La mise en place d’un processus de screening performant doit pouvoir se baser sur des données de qualité afin d’aboutir à des résultats pertinents et fiables. Pour établir le profil d’un client, les données réunies sont principalement des noms, des adresses, pays et dans certains cas des dates de naissance. A noter que la transcription entre les différents alphabets entre en aussi compte ce qui peut présenter des limitations. Des données orthographiées d’une certaine manière mal traduites peuvent alors impacter directement l’efficacité et la pertinence du criblage.

La gouvernance des données est donc l’un des points clés du screening. En effet, un bon management des données assure la qualité de celles-ci : une base de données fiable et transcrite dans un format exploitable instantanément permet un gain de temps et d’efficacité non négligeable. En revanche, les ressources mises en œuvre doivent être dimensionnées en conséquence. Ainsi une standardisation et une automatisation du processus doivent être envisagées afin de pouvoir faire face à des quantités de données de plus en plus importante.

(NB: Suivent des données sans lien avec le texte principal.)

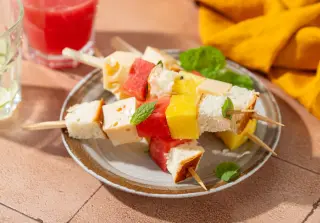 Канапе с арбузом на шпажках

Chaque mois, on dénombre des centaines de milliers d’alertes sont déclenchées dans les programmes AML. Une légère baisse du nombre d’alertes pourrait permettre d’effectuer des économies de plusieurs millions de dollars. L’intégration de programmes d’Intelligence Artificielle et de Machine Learning permet d’établir des modèles et scénarii de cas indentifiables. Les profils suspects seraient alors immédiatement identifiés et des alertes sont alors déclenchées en conséquence. Cela mènera à une réduction des résultats « faux positifs » qui mobilisent des ressources et du temps inutilement.

La puissance de ces technologies permet de gérer de grandes quantités données dans un temps réduit pourraient ainsi optimiser le processus de screening. Les analystes KYC pourraient alors concentrer leur travail dans l’étude des cas les plus complexes, qui une fois résolus, alimenteront les modèles de Machine Learning.

Ainsi, le déploiement du screening dans le secteur bancaire soulève des problématiques de taille pour les différents acteurs du marché. Pour répondre aux enjeux réglementaires et de coûts, le screening se doit d’évoluer vers un processus plus optimisé grâce à une gouvernance des données accrue et une bonne intégration des technologies d’intelligence artificielle.